▶ [Assignment]: Please give back each line of the material unchanged, but without the images.

Stored data below:

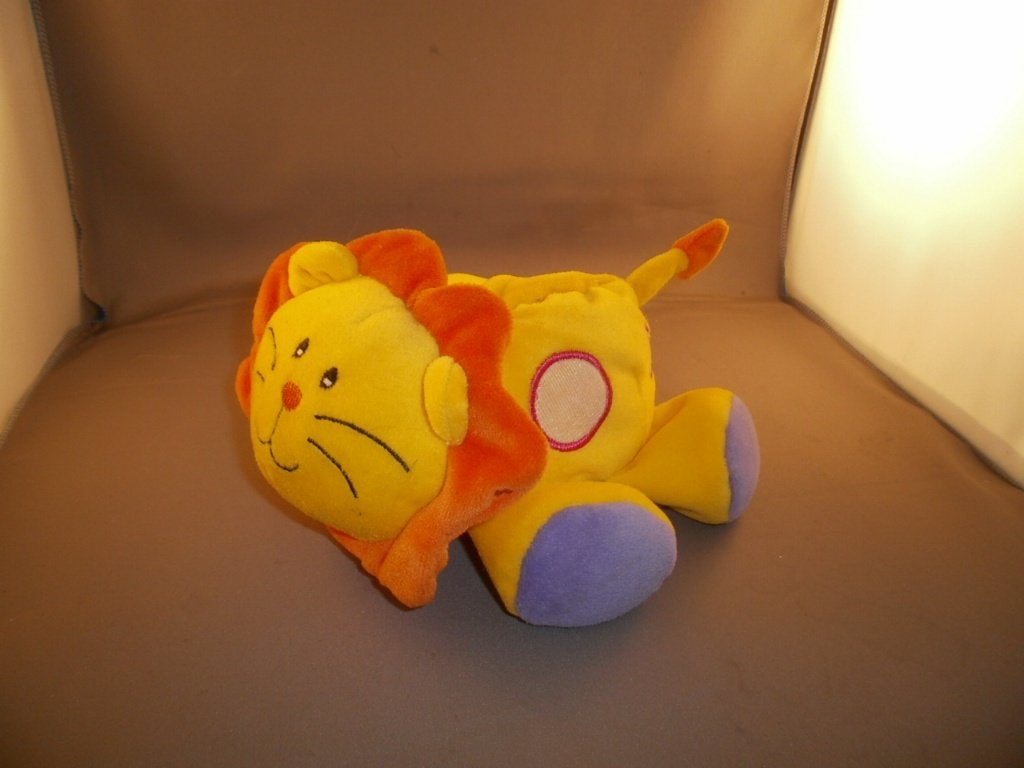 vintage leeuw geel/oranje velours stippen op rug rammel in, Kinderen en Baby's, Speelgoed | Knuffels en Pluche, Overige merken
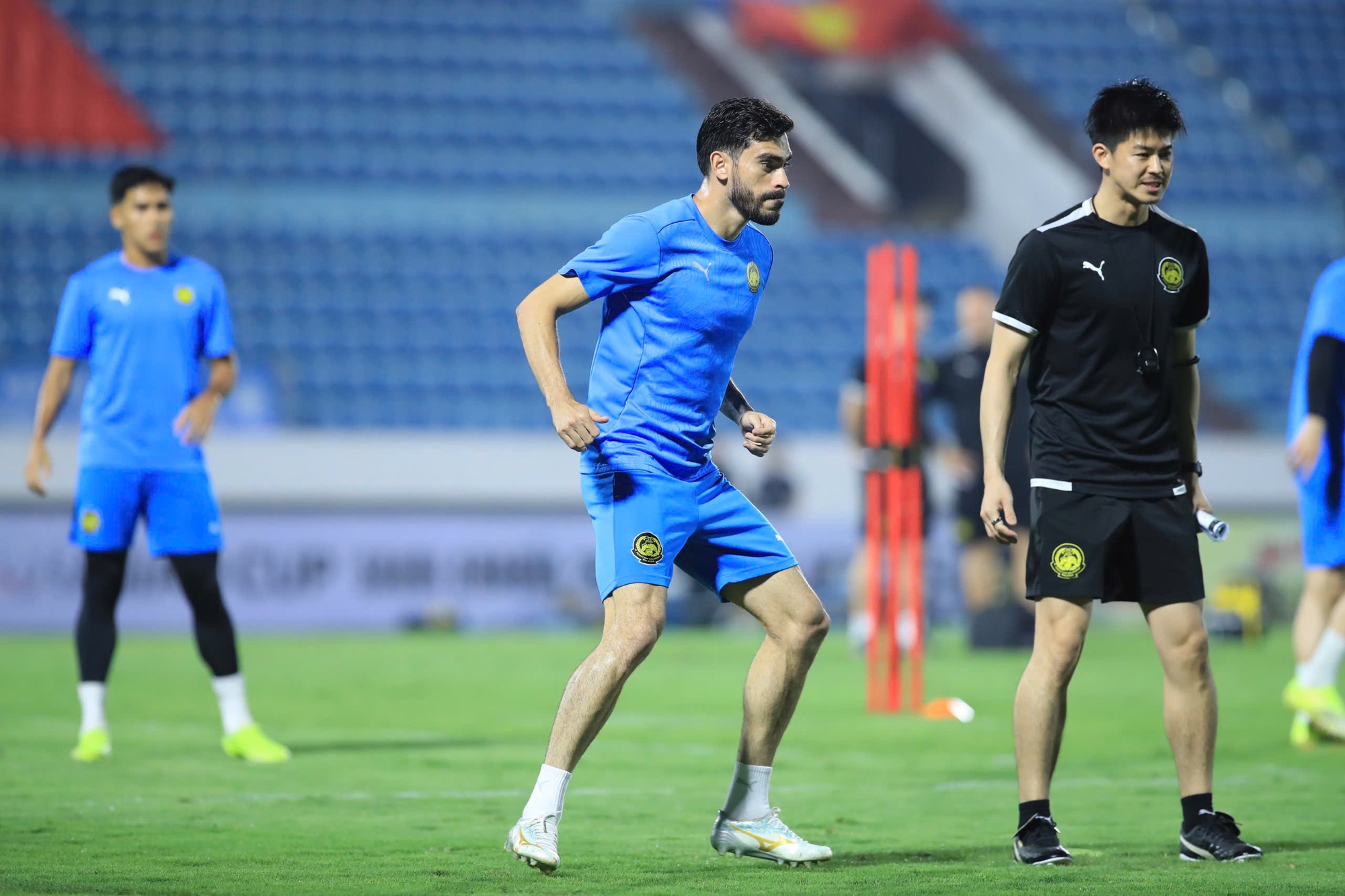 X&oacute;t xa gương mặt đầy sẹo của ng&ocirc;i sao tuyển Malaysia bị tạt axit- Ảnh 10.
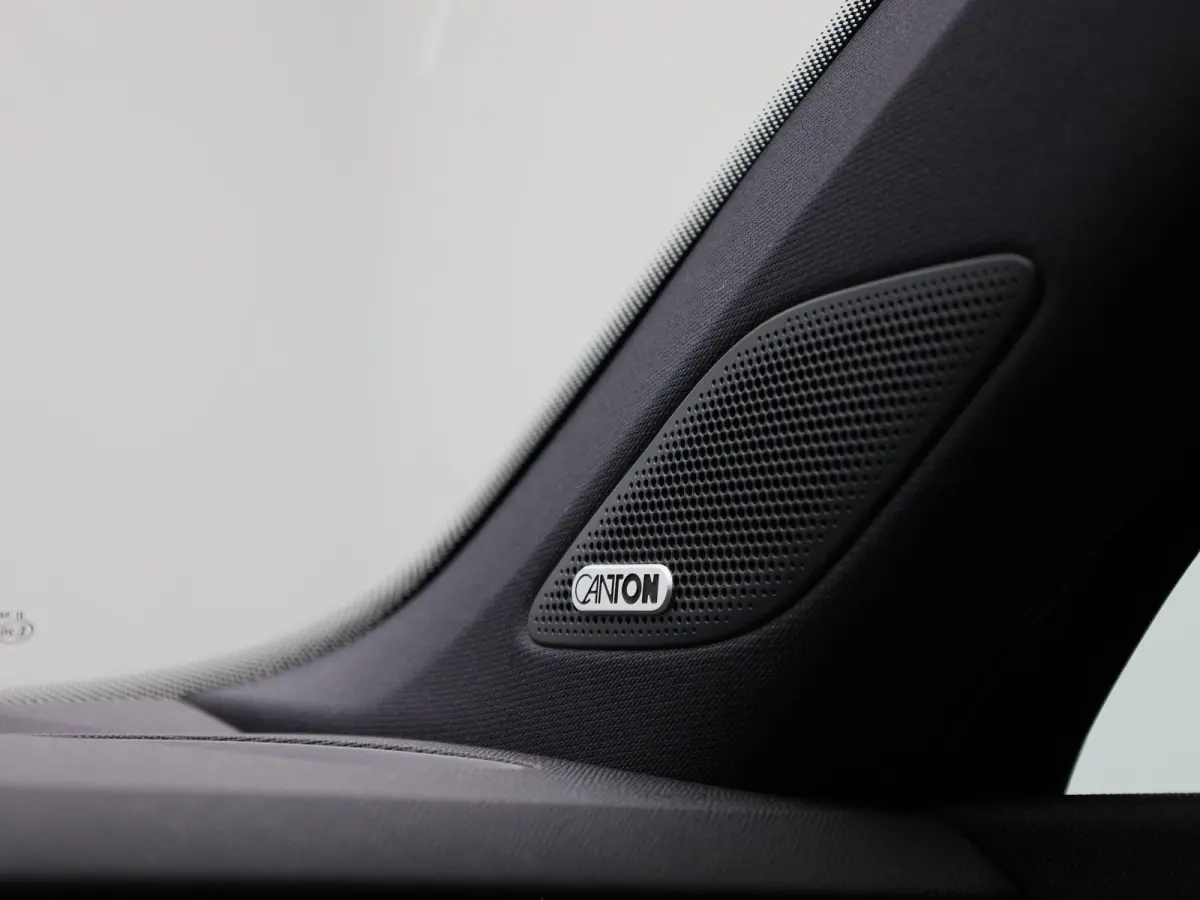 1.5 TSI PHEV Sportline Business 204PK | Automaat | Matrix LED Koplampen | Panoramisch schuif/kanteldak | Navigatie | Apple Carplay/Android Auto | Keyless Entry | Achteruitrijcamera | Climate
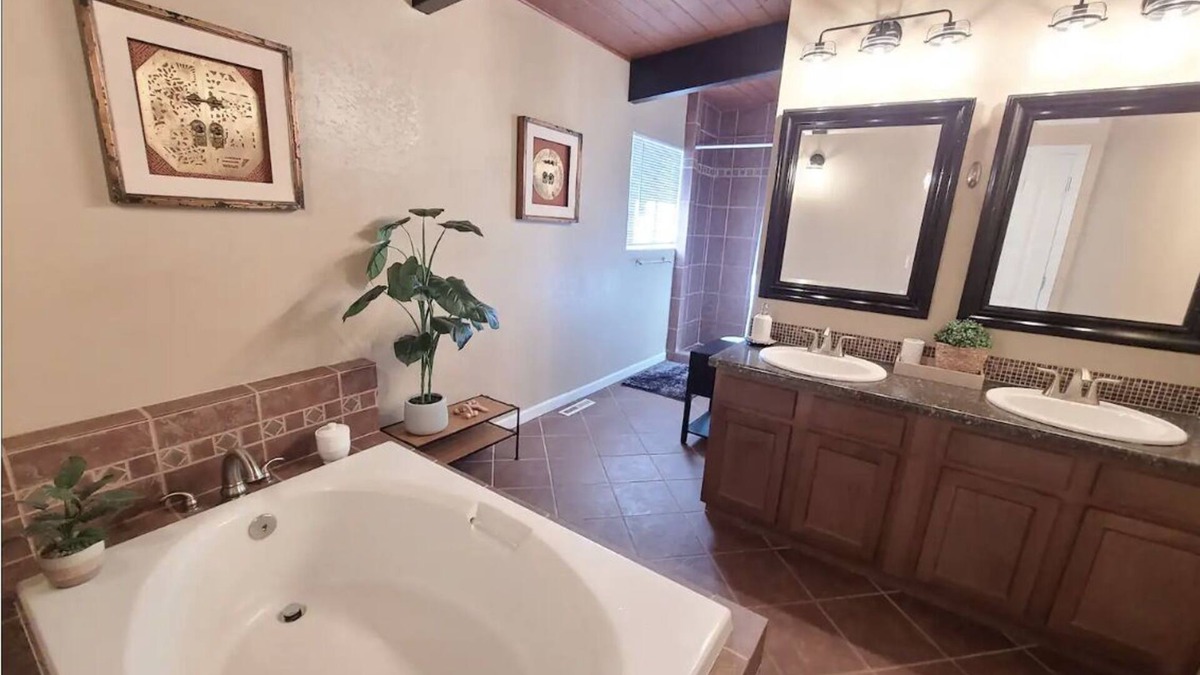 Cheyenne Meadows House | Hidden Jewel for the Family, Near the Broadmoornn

End of Stored data.

▶ [Completed exercise]:
 vintage leeuw geel/oranje velours stippen op rug rammel in, Kinderen en Baby's, Speelgoed | Knuffels en Pluche, Overige merken
 X&oacute;t xa gương mặt đầy sẹo của ng&ocirc;i sao tuyển Malaysia bị tạt axit- Ảnh 10.
 1.5 TSI PHEV Sportline Business 204PK | Automaat | Matrix LED Koplampen | Panoramisch schuif/kanteldak | Navigatie | Apple Carplay/Android Auto | Keyless Entry | Achteruitrijcamera | Climate
 Cheyenne Meadows House | Hidden Jewel for the Family, Near the Broadmoornn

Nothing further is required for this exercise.